Lo peor estaba por llegar. Ante la nueva situación, y con el embarazo ya en el cuarto mes de gestación, su novio (y padre de la criatura) la abandonó por quedarse encinta y no querer deshacerse del bebé.
De la noche a la mañana, Vanesa se vio sola, sin familia, sin trabajo, abandonada por su pareja, con una hija de 12 años a la que mantener y un embarazo de cuatro meses que sólo le había traído complicaciones. Desorientada, «fui a un centro de planificación familiar pensando que me podrían ayudar. Pero lo único que me ofrecieron fue abortar. Una mujer me hizo una ecografía (que me dijo que no mirara), y me dio cita para que abortase la semana siguiente en una clínica. Me dijeron que tenía ansiedad y depresión y que lo mejor era abortar. Era por la Seguridad Social, que en lugar de ayudar a los niños, paga abortos y ayuda a que se pierdan vidas».
En los pocos días que tenía de margen, buscó por Internet alguien que pudiese ayudarla. Encontró el contacto de RedMadre y Pro-vida, llamó y le ofrecieron ayuda. Sin embargo, «casi no tenía tiempo. Estaba destrozada. No quería abortar porque sabía que era una vida, pero es penoso pedir ayuda y que te den un papel para abortar».
Desnuda en el potro
Las presiones externas e internas pesaban demasiado en la balanza y Vanesa acudió al abortorio. «Cuando entré, me dieron un número, como en una carnicería. Tengo bronquitis asmática y quise hablar con el doctor sobre la sedación, pero no me dejaron. Me pasaron a una psicóloga o trabajadora social, que me dijo: Esto no es nada, todavía no tiene vida [aunque estaba de cuatro meses]. Todas las chicas estaban calladas, con la cabeza baja. Parecía un velatorio. Yo decía: ¿Qué es esto, Dios mío?» Entre las 20 mujeres que había junto a ella, había una joven de 18 años embarazada de cinco meses. Por fin, le tocó su turno. Se desnudó, subió al potro y se tumbó. «Empecé a hacer preguntas y sólo me decían que me relajara. Pregunté por la sedación y que a dónde iba a ir el bebé, y me dijeron que no me preocupara por eso. Entonces me levanté del potro y dije: ¡No me toque! El médico le dijo al anestesista: ¡Ponle la mascarilla! Yo le grité que no me la pusiera, y cuando lo hizo, la tiré y me arranqué la vía. El médico me gritó: ¡Cuando vengas otro día, no te lo voy a hacer!» Vanesa salió del abortorio desnuda, envuelta en una sábana y gritando: ¡Asesinos!

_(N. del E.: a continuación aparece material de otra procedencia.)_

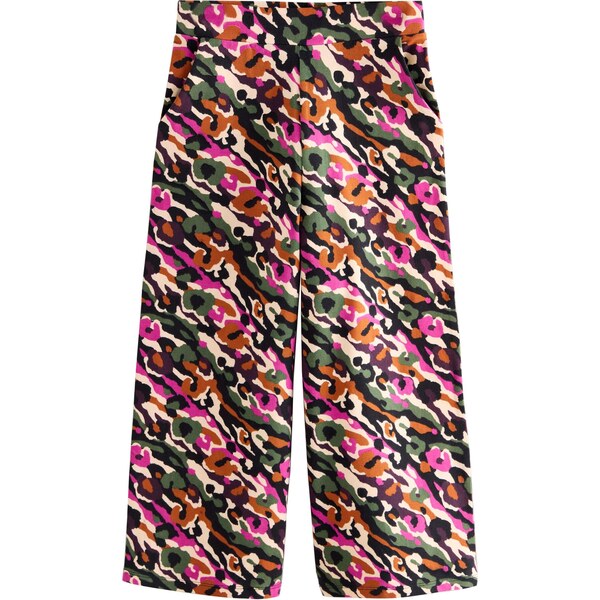 Next Nohavice béžová / zelená / ružová / čierna 65660380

Poco después llamó a RedMadre y a Pro-vida, donde la ayudaron en su embarazo y, ahora, con la crianza de sus hijas. Por eso, Vanesa lanza un mensaje a quien se vea en su situación: «No son ciertos los nubarrones que te pinta la gente de que estarás sola con tu bebé. Cuando vi la cara de María, mi chiquitina, mi vida comenzó de nuevo. No tengo riquezas, pero sí a mis dos hijas y a gente que me ayuda. Y estoy feliz».